I opened that door one last time…for the first time since the flood. The creaking sound was familiar as was its heaviness as I pulled it open. I remembered opening that door for my boy in the morning, often frazzled and later than we meant to be. And I could see his friend standing at the door, waiting to greet him by name with eye contact and a handshake, as Ms. Winkler had taught them.

I flipped on the light and looked around at the room with its empty and torn out walls and its pile of debris in the center. The shades were drawn over the windows that filled the back wall and had let God’s glorious light in to shine on these babies while they learned. All the signs of childhood and wonder and alphabets and colorful pictures that lined the walls were gone and drawers and wood and flood-damaged books filled the center of the room.

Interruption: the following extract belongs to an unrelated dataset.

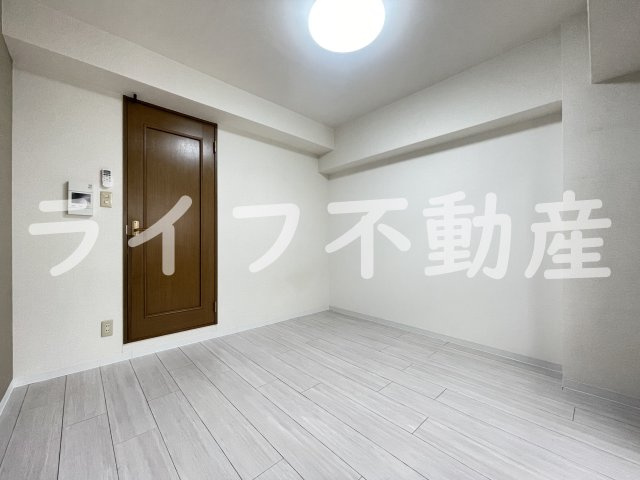 イマザキマンションエヌワンの居間・リビング|おしゃれな居間です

There were no tadpoles growing in an aquarium by the front chalkboard, eagerly anticipating their transformation into frogs. There were no caterpillars dangling from a net, eagerly anticipating their transformation into butterflies. And there were no kindergartners in this classroom this year, eagerly anticipating their transformation into first graders.

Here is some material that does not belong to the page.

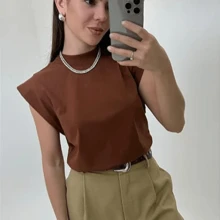 Marrom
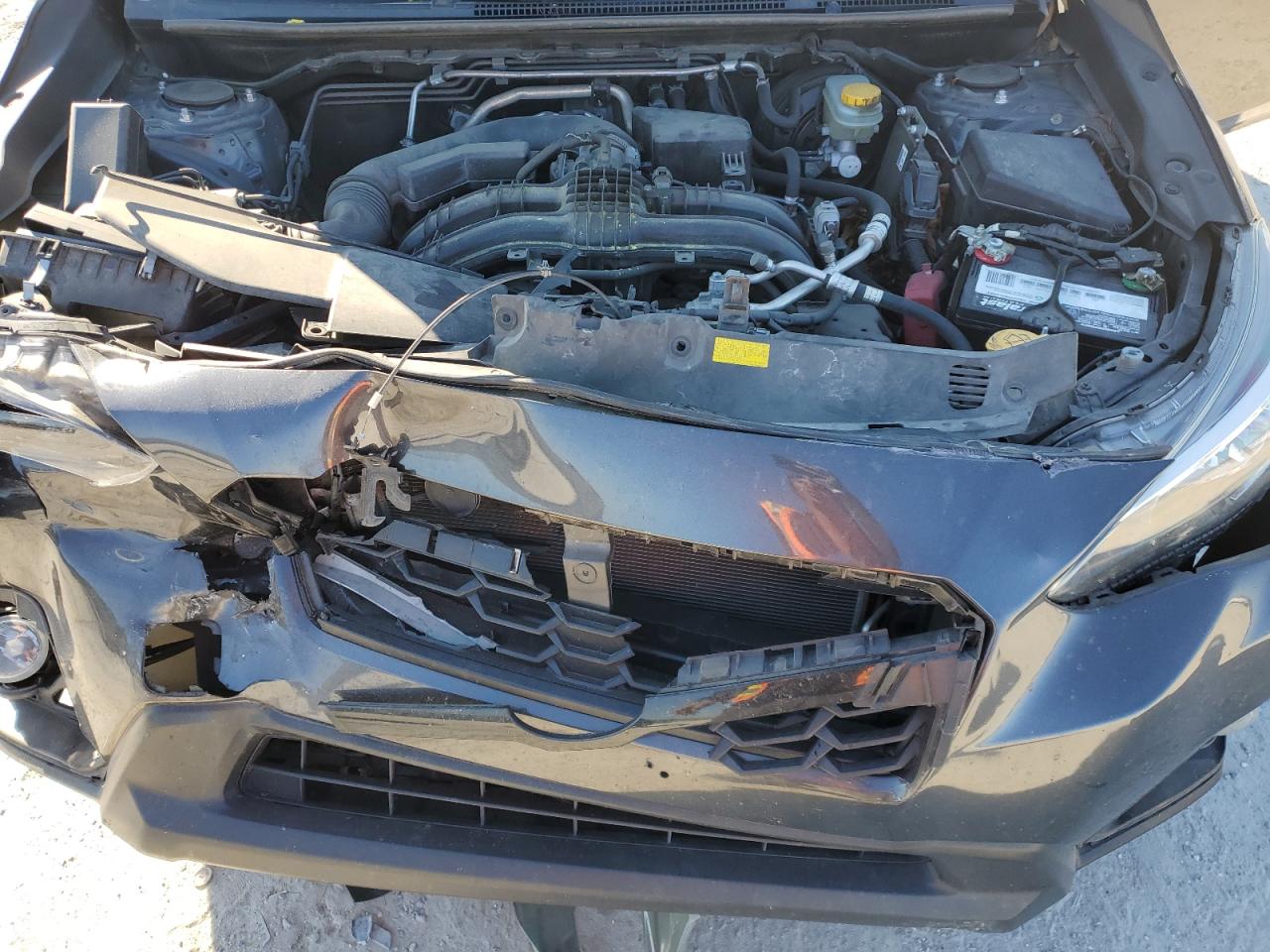 2018 Subaru XV VIN JF2GTADCXJH323380 Copart auction photo, front end / minor dent/scratches damage thumbnail 13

There was a big, fat, loathsome pile of debris to remind us that all of this will just pass away.

Love and Loss and Learning...Harvey Continues | Houston Moms Blog

And I was sad and angry all over again about all that was lost, all that was taken from us by that storm, and all that we were forced to say goodbye to before we were ready.

Life moves on. Homes are rebuilt. People slowly start to fill your street once again. And you think you’re fine. You think it’s all fine.

Until suddenly it’s not.

But standing in the destruction of that classroom, surrounded by wisps of memories swirling around me in contrast to the backdrop of the empty walls and destruction I now see, it could not be more clear that the magic in this classroom had everything to do with the laughter that filled it and the love that governed it.

Aside from the tributes of former students that lovingly decorate these walls in a final salute, there is nothing left that says, “Love was taught here.”

That lives on in a place that can’t be touched by hurricanes or floodwaters or bulldozers…in the memory of a teacher who formed a generation of students, and a little blonde boy who was as transformed as the tadpoles and caterpillars under Ms. Winkler’s watch…and the little boy’s mother who will remember the weight of the door she left her baby behind each morning.